Mais avec le Qatar, si c’est toujours du football et de la politique, c’est une autre histoire qui s’écrit. Les Qataris n’ont pas d’équipe nationale digne de ce nom ; ils n’ont pas de tradition de football. Mais ils ont de l’argent. Beaucoup d’argent. Énormément d’argent. Du pétrole comme s’il en pleuvait, et si cela ne suffisait pas, les troisièmes réserves de gaz mondiales. Mais ils ont aussi des voisins. L’Arabie Saoudite : encore plus de pétrole, encore plus de richesses et une alliance avec la puissance américaine, scellée par Roosevelt en 1945. Et puis, l’Iran, son régime islamique, son chiisme militant, sa force nucléaire en gestation.
Le Qatar, à côté des deux géants, c’est Lilliput au pays de l’or noir. Il ne lui servait à rien de se forger une armée pour se protéger contre les menaces potentielles. Alors, pour exister dans cet univers géopolitique dangereux, le Qatar a investi habilement les médias et le sport.
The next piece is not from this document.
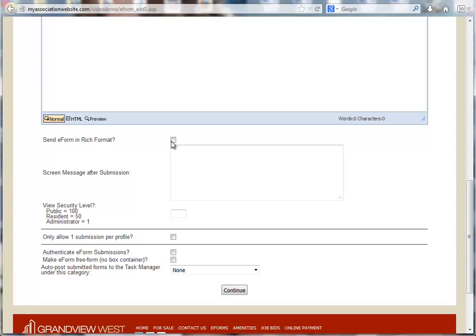Send e-form in rich format. If checked, means that when the submitted e-form is emailed to its recipient, it will retain its website appearance.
Les médias, avec la chaîne Al Jazeera, la CNN du monde arabe. Et le sport : organisation de la Coupe du monde de football en 2022, mondial de hand en 2015, mondiaux d’athlétisme en 2017. Le football est son domaine d’élection. Les joueurs du meilleur club du monde, le FC Barcelone, portent désormais sur leur maillot son blason : la Qatar Foundation. Personne n’ignore en France que le Paris Saint-Germain est devenu sa chose, pour une trentaine de millions d’euros. Une bagatelle à côté de ce qu’aurait coûté le rachat d’un club anglais ou italien.
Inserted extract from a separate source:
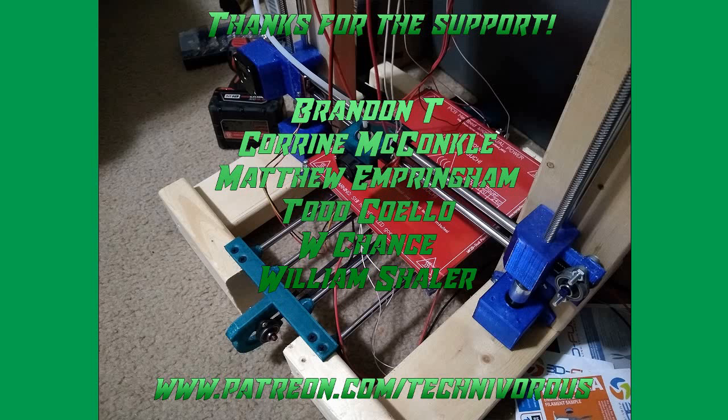The Technivorous channel is brought to you by these fine Patreon supporters. If you'd like to check us out on Patreon, pop over to www.patreon.com/technivorous. That's T-E-C-H-N-I-V-O-R-O-U-S.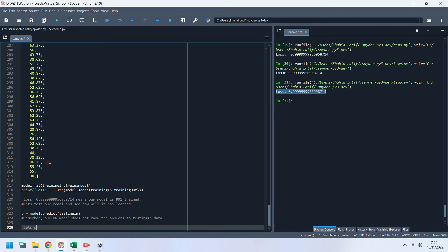Let's plot actual answers calculated in Microsoft Excel and answers predicted by the neural network model on a chart.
Le Qatar est devenu l’hyperpuissance du sport, pour reprendre l’expression du spécialiste des relations internationales Pascal Boniface. Il joue de ce moyen d’influence pour exister médiatiquement et diplomatiquement. La pétromonarchie pousse jusqu’à l’incandescence, jusqu’à la caricature, les liens entre football, télé, argent. Elle régnera sans partage sur le foot français ; nos politiques, tous élus locaux, ne pourront rien lui refuser. Elle imite Canal+ pour mieux remplacer la chaîne cryptée. Après le PSG, les droits télé. Sans avoir de relais télévisé en France ? Cela ne saurait tarder. En attendant, ils ont déjà le directeur de la future chaîne, l’ancien patron du foot sur Canal, Charles Biétry. Dans ses emplettes, celui-ci a volontairement laissé les plus belles affiches et surtout la finale de la Champion’s League aux chaînes gratuites. « J’aime trop les gens qui aiment le foot », a-t-il expliqué, magnanime. Notre maître est trop bon.